_What you have to do_. Would you retype exactly the lines below, starting with the one that has "Glitter homokóra zselés" and going on through the one that has "Telefoonhoesje Geschikt voor", with no pictures and nothing else?

_Data extract_.
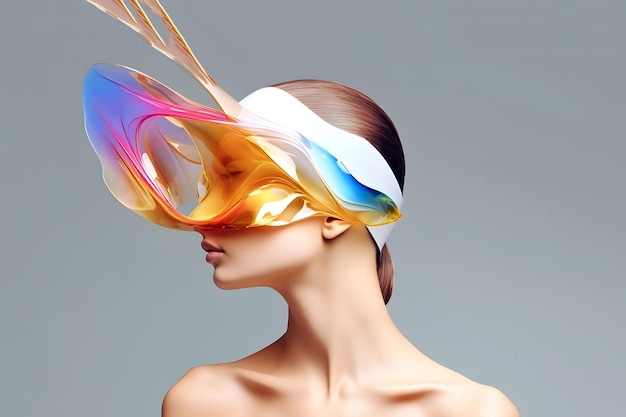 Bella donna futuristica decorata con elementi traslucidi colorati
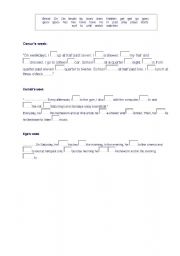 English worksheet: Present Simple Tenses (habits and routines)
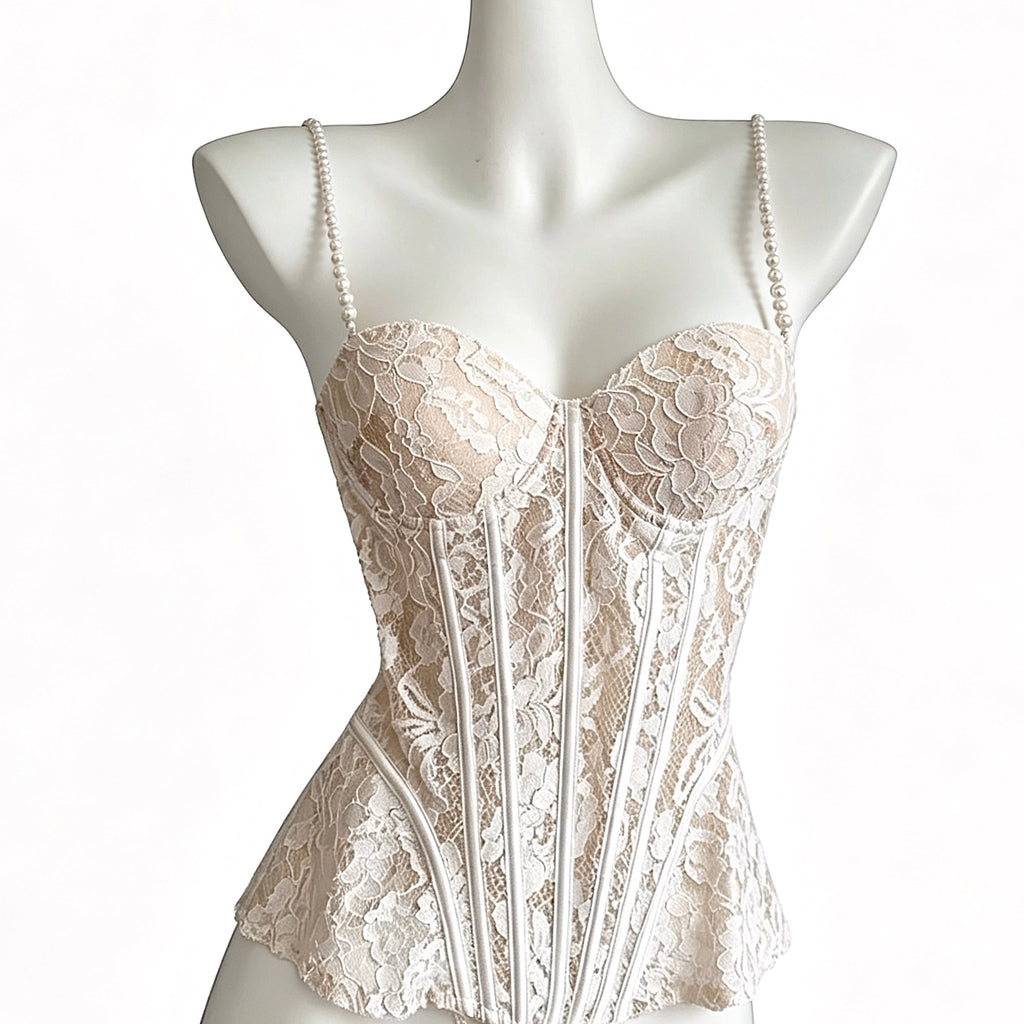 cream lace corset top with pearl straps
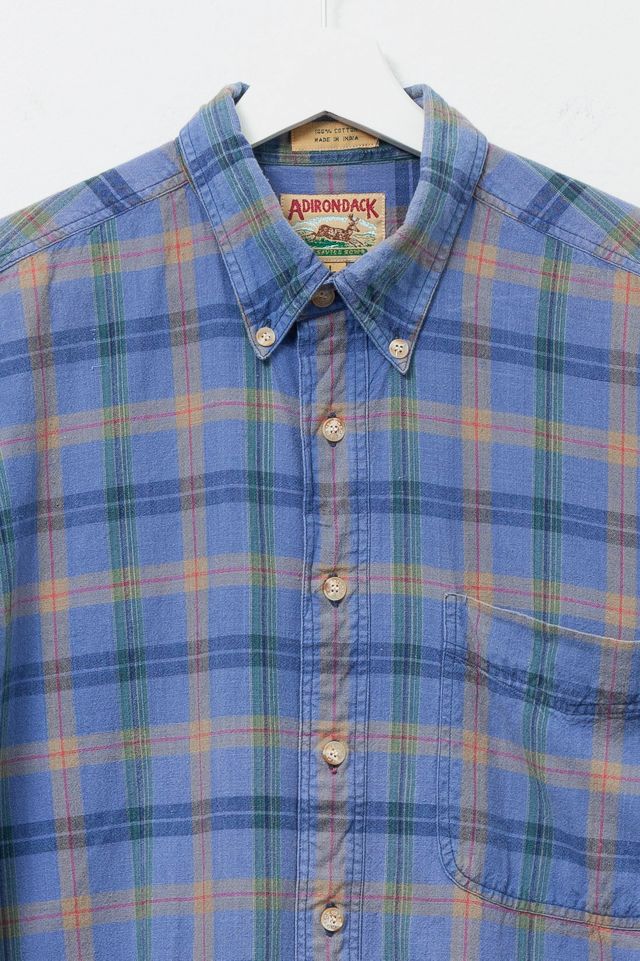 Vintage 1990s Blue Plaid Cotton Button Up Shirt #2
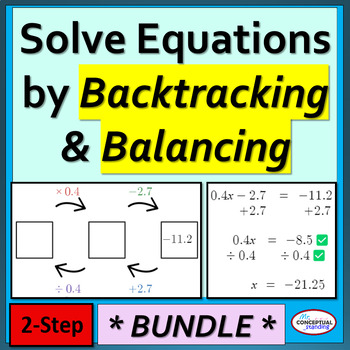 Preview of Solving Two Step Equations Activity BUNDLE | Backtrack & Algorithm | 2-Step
--
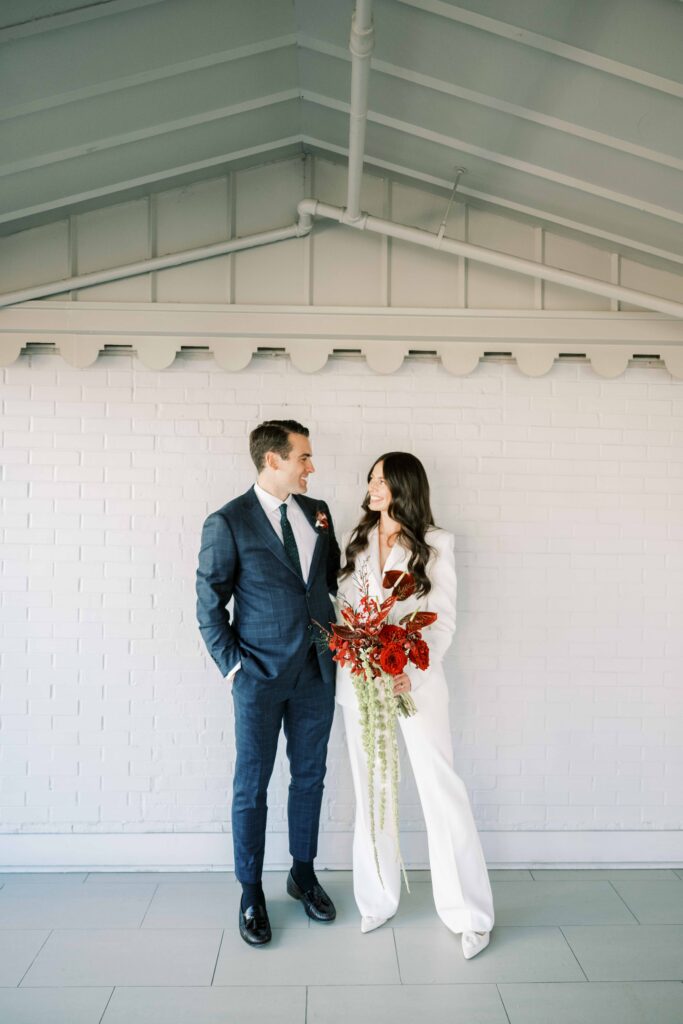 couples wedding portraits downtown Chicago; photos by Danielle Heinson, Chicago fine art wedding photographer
==
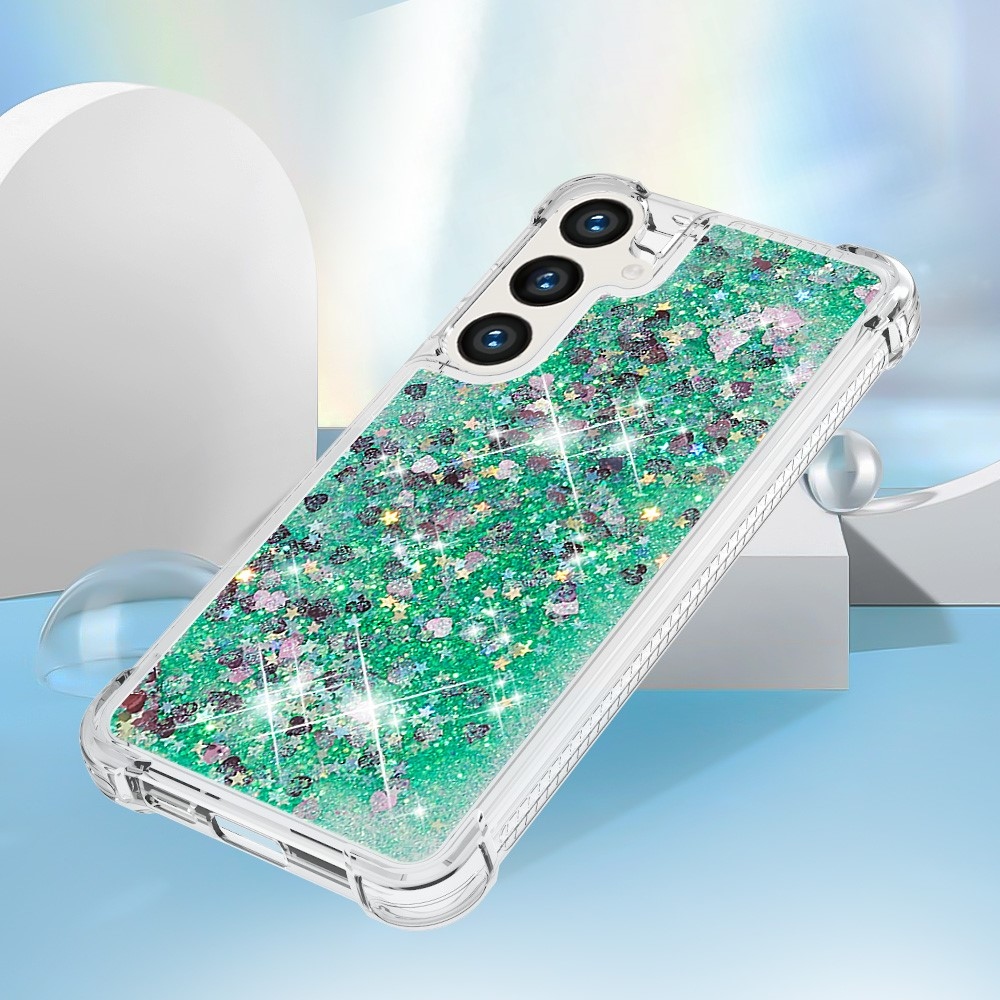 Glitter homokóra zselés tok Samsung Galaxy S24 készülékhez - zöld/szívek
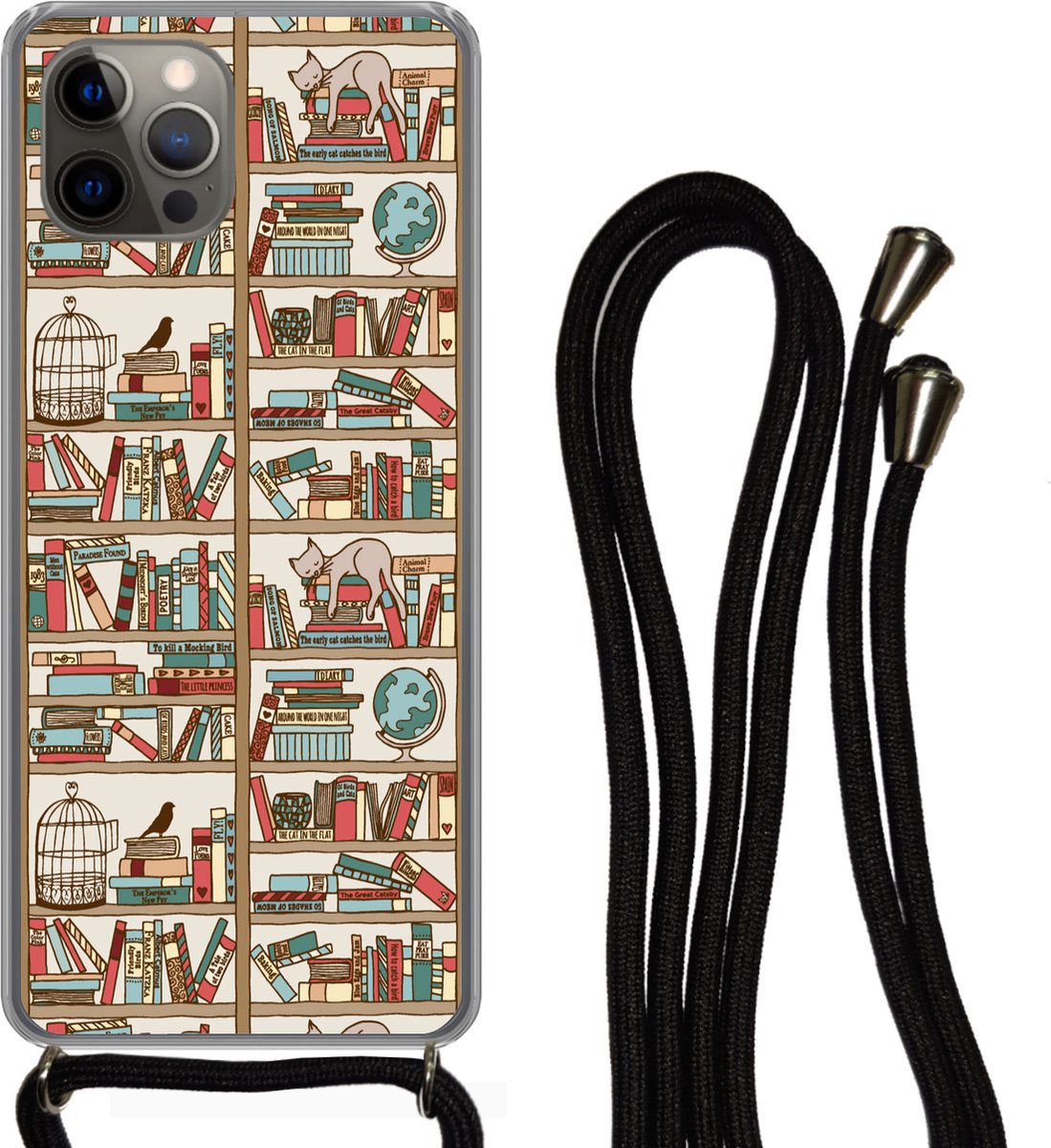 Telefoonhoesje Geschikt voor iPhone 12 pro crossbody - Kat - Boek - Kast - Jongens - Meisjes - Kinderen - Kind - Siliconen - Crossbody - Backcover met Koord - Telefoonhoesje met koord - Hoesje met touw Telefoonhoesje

_Exercise answer_.
 Glitter homokóra zselés tok Samsung Galaxy S24 készülékhez - zöld/szívek
 Telefoonhoesje Geschikt voor iPhone 12 pro crossbody - Kat - Boek - Kast - Jongens - Meisjes - Kinderen - Kind - Siliconen - Crossbody - Backcover met Koord - Telefoonhoesje met koord - Hoesje met touw Telefoonhoesje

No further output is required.